Emergence of Fixational and Saccadic Movements in a Multi-Level Recurrent Attention Model for Vision
This addresses the issue of unrealistic visual exploration in attention models for computer vision researchers, though it is incremental as it builds on prior models like RAM and DRAM.
The paper tackled the problem of existing hard attention models producing unrealistic eye movement behaviors by proposing a Multi-Level Recurrent Attention Model (MRAM) that explicitly models neural hierarchy, resulting in more human-like attention dynamics and outperforming baselines on image classification benchmarks.

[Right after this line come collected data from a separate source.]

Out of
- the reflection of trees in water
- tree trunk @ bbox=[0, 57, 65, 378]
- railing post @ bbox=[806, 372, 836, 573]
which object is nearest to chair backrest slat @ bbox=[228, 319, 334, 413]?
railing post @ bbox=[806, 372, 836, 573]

Inspired by foveal vision, hard attention models promise interpretability and parameter economy. However, existing models like the Recurrent Model of Visual Attention (RAM) and Deep Recurrent Attention Model (DRAM) failed to model the hierarchy of human vision system, that compromise on the visual exploration dynamics. As a result, they tend to produce attention that are either overly fixational or excessively saccadic, diverging from human eye movement behavior. In this paper, we propose a Multi-Level Recurrent Attention Model (MRAM), a novel hard attention framework that explicitly models the neural hierarchy of human visual processing. By decoupling the function of glimpse location generation and task execution in two recurrent layers, MRAM emergent a balanced behavior between fixation and saccadic movement. Our results show that MRAM not only achieves more human-like attention dynamics, but also consistently outperforms CNN, RAM and DRAM baselines on standard image classification benchmarks.